Obama and leaders of the the TSA – which is part of the U.S. Department of Homeland Security – have been standing by the federal government’s “enhanced pat-down” procedures for airline passengers, which basically amount to taxpayer-funded groping.

That’s right … to get on a plane in America these days you either have to submit to a full body scan (i.e. show the government your goodies) or get your private areas fondled. This policy has been in place since March, but the TSA implemented more “thorough” pat-down procedures beginning in November.

Those new measures are rubbing thousands of passengers the wrong way – literally. In fact, they’ve sparked a wave of anger – and more than a few lawsuits. Meanwhile, many TSA employees are also reportedly livid about the sort of searches they are now being asked to conduct.

The impetus for the new searches is Umar Farouk Abdulmutallab – the al Queda terrorist who attempted to detonate a homemade bomb hidden in his underwear during a flight bound from Amsterdam to Detroit last Christmas.

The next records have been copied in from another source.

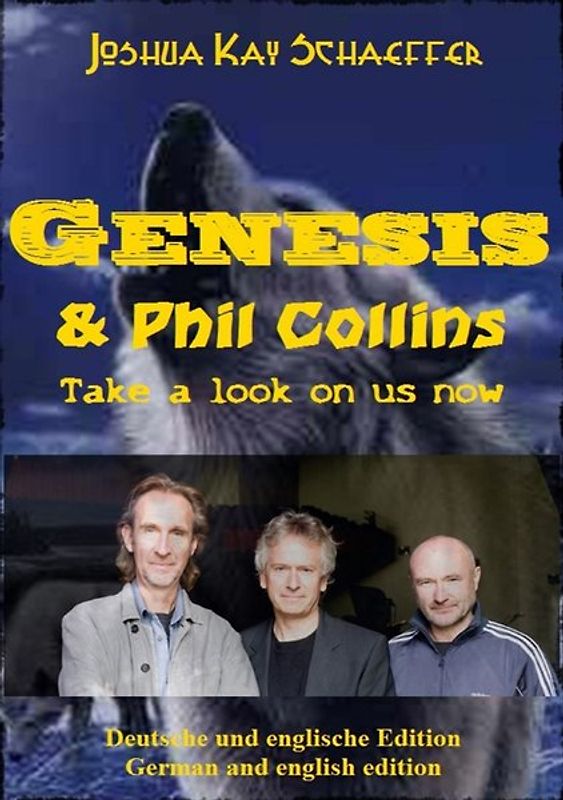 Genesis & Phil Collins - Take a look on us now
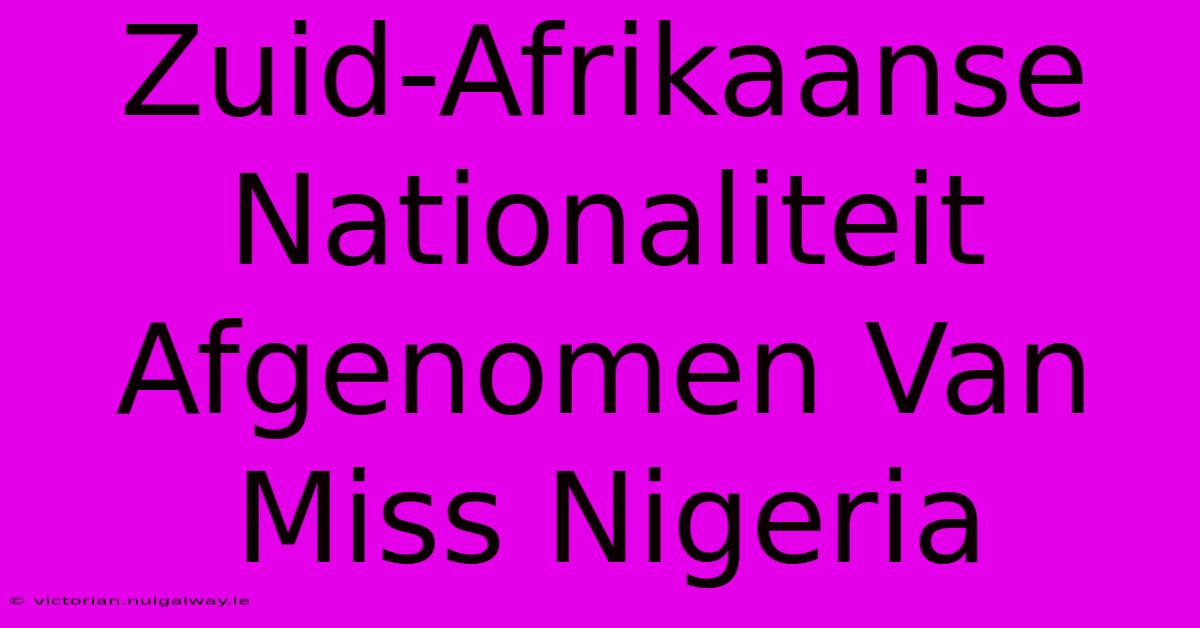 Zuid-Afrikaanse Nationaliteit Afgenomen Van Miss Nigeria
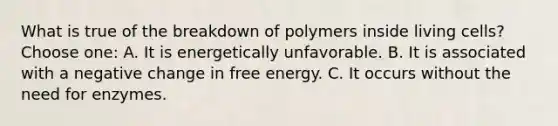 What is true of the breakdown of polymers inside living cells?Choose one: A. It is energetically unfavorable. B. It is associated with a negative change in free energy. C. It occurs without the need for enzymes.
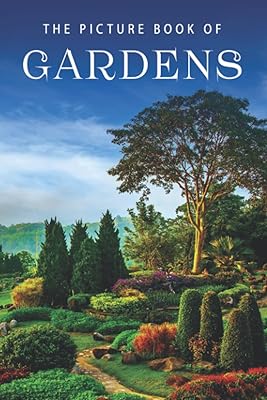 The Picture Book of Gardens: A Gift Book for Alzheimer's Patients and Seniors with Dementia (Picture Books - Nature)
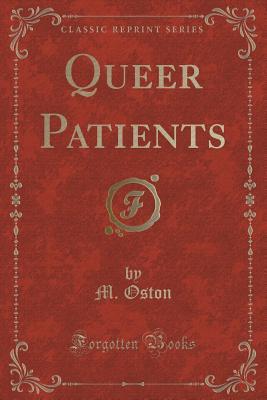 queer-patients-classic-reprint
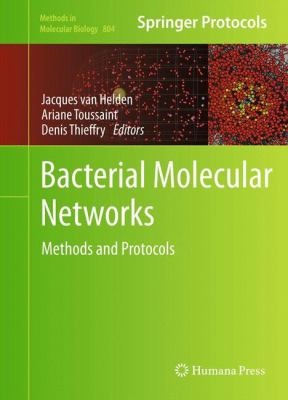 Bacterial Molecular Networks : Methods and Protocols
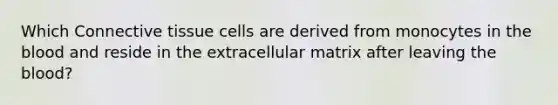 Which Connective tissue cells are derived from monocytes in the blood and reside in the extracellular matrix after leaving the blood?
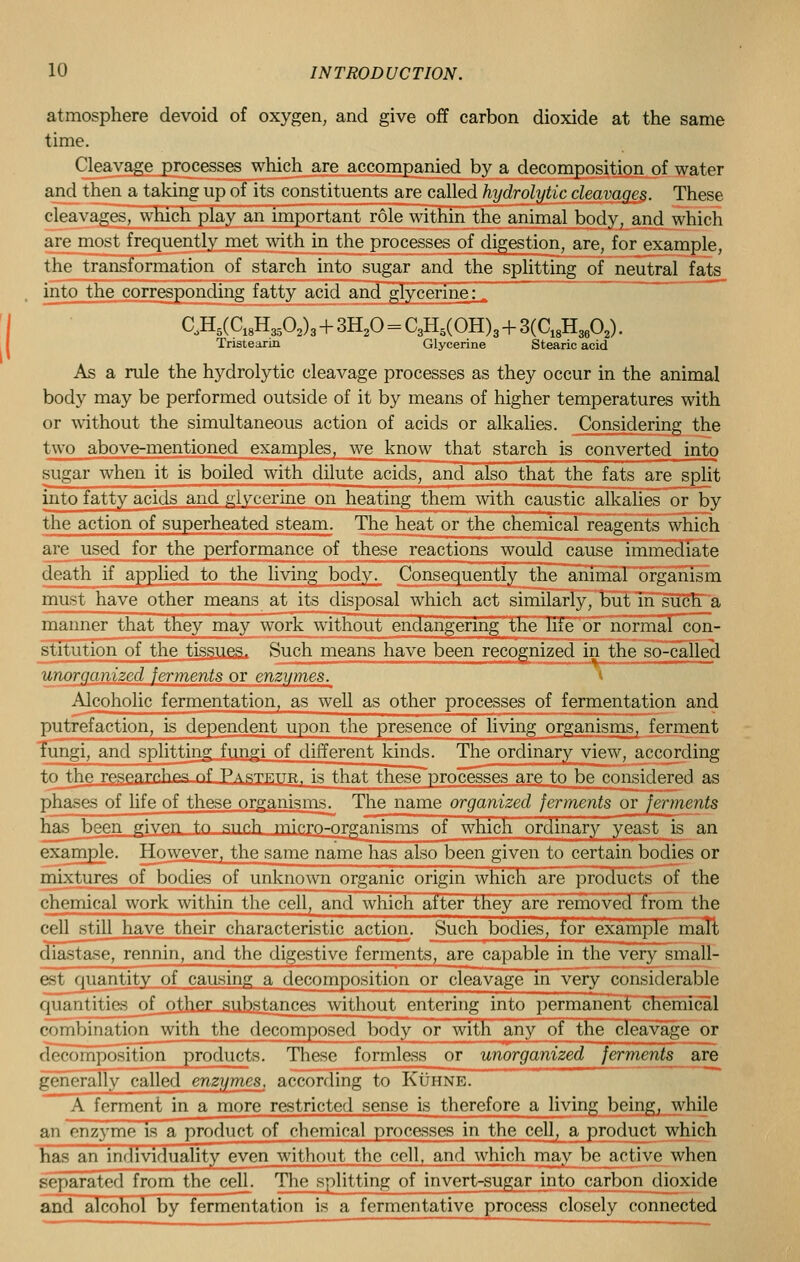 atmosphere devoid of oxygen, and give off carbon dioxide at the same time. Cleavage processes which are accompanied by a decomposition of water and then a taking up of its constituents are called hydrolytic cleavages. These cleavages, which play an important role within the animal body, and which are most frequently met with in the processes of digestion, are, for example, the transformation of starch into sugar and the splitting of neutral fats into the corresponding fatty acid and glycerine; aH5(C18H3503)3 + 3H20 = C3H5(OH)3 + 3(C18H3602). Tristearin Glycerine Stearic acid As a rule the hydrolytic cleavage processes as they occur in the animal body may be performed outside of it by means of higher temperatures with or without the simultaneous action of acids or alkalies. Considering the two above-mentioned examples, we know that starch is converted into sugar when it is boiled with dilute acids, and also that the fats are split into fatty acids and glycerine on heating them with caustic alkalies or by the action of superheated steam. The heat or the chemical reagents which are used for the performance of these reactions would cause immediate death if applied to the living body. Consequently the animal organism must have other means at its disposal which act similarly, but in such a manner that they may work without endangering the life or normal con- stitution of the tissues. Such means have been recognized in the so-called unorganized ferments or enzymes. Alcoholic fermentation, as well as other processes of fermentation and putrefaction, is dependent upon the presence of living organisms, ferment fungi, and splitting fungi of different kinds. The ordinary view, according tn_thp rp^e,fl,rp.lips <~>f Pasjf,ttr, is that these processes are to be considered as phases of life of these organisms. The name organized ferments or ferments has been p;iven to sno.h minro-organisms of which ordinary yeast is an example. However, the same name has also been given to certain bodies or mixtures of bodies of unknown organic origin which are products of the chemical work within the cell, and which after they are removed from the cell still have their characteristic action. Such bodies, for example malt diastase, rennin, and the digestive ferments, are capable in the very small- est quantity of causing a decomposition or cleavage in very considerable quantities of other substances without entering into permanent chemical combination with the decomposed body or with any of the cleavage or decomposition products. Thase formless or unorganized ferments are generally called enzymes, according to Kuhne. A ferment in a more restricted sense is therefore a living being, while an enzyme is a product of chemical processes in the cell, a product which has an individuality even without the cell, and which may be active when separated from the celh The splitting of invert-sugar into carbon dioxide and alcohol by fermentation is a fermentative process closely connected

Obama has described the enhanced security measures as “necessary,” saying that such methods “are the only ones right now that (counter-terrorism officials) consider to be effective against the kind of threat that we saw in the Christmas Day bombing.”

That explanation isn’t satisfying passengers – who will be boarding planes in record numbers this week.

Nor is it satisfying victims’ rights advocates.

“I completely understand the need to protect the United States from terrorism … but I do have a problem with the invasive, intrusive, ill-mannered reports that we are receiving from those traveling and dealing with TSA employees working in our airports,” says Anny Jacoby, a victims’ rights advocate who has been urging passengers to file charges against the agency.

On Monday, Obama’s TSA director – John S. Pistole – told CNN that the agency would review its new pat-down procedures but that there would be no “short-term changes” to the offensive policy.